--- EXERCISE AIM ---
Set down exactly the lines of the listing below, please, beginning with the first and ending with the line that holds "-中国大熊猫保护研究中心雅安碧峰峡基地".

====== GIVEN DATA

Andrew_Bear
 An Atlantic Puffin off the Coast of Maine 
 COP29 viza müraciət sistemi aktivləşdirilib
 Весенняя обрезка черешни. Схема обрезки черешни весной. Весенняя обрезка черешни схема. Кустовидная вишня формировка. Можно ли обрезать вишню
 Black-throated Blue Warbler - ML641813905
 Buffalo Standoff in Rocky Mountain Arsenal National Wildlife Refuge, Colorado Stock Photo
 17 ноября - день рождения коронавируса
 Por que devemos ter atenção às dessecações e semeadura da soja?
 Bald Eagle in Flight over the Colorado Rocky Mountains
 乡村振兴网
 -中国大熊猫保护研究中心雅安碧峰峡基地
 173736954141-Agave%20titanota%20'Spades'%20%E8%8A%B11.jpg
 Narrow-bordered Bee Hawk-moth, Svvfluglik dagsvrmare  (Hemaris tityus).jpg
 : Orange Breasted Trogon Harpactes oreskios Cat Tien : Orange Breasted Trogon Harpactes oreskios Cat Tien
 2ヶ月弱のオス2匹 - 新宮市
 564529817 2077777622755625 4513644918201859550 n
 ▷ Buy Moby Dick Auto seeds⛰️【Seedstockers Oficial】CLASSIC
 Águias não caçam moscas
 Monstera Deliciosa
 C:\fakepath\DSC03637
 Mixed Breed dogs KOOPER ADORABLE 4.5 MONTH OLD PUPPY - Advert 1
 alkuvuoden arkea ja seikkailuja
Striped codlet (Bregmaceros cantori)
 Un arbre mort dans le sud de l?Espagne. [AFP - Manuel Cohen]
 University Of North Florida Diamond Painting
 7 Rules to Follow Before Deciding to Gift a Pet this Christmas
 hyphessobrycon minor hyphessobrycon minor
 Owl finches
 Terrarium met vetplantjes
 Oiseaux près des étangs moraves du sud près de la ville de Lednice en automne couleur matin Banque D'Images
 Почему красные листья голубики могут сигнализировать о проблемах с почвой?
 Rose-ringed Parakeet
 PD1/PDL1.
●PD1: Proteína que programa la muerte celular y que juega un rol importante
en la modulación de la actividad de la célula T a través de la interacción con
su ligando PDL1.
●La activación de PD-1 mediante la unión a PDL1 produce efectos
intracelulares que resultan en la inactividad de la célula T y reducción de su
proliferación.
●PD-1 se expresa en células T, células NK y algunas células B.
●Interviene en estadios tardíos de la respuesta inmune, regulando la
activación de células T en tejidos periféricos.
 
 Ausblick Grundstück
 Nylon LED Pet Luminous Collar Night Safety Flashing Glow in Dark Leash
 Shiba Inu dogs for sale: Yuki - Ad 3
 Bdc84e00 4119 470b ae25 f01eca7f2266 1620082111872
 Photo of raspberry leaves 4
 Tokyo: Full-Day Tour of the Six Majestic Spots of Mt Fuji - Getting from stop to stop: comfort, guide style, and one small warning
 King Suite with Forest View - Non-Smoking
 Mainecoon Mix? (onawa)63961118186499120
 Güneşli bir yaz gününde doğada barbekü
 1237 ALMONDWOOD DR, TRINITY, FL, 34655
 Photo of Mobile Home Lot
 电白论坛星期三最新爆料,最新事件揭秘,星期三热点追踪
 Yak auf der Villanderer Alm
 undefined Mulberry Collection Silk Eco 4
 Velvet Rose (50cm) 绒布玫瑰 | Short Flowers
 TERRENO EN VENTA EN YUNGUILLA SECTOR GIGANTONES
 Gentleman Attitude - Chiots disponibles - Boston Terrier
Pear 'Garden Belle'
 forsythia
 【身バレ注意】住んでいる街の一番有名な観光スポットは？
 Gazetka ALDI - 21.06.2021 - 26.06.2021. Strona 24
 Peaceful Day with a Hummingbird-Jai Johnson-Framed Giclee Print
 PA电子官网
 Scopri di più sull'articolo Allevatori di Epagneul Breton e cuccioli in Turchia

============

--- ANSWER SECTION ---
Andrew_Bear
 An Atlantic Puffin off the Coast of Maine 
 COP29 viza müraciət sistemi aktivləşdirilib
 Весенняя обрезка черешни. Схема обрезки черешни весной. Весенняя обрезка черешни схема. Кустовидная вишня формировка. Можно ли обрезать вишню
 Black-throated Blue Warbler - ML641813905
 Buffalo Standoff in Rocky Mountain Arsenal National Wildlife Refuge, Colorado Stock Photo
 17 ноября - день рождения коронавируса
 Por que devemos ter atenção às dessecações e semeadura da soja?
 Bald Eagle in Flight over the Colorado Rocky Mountains
 乡村振兴网
 -中国大熊猫保护研究中心雅安碧峰峡基地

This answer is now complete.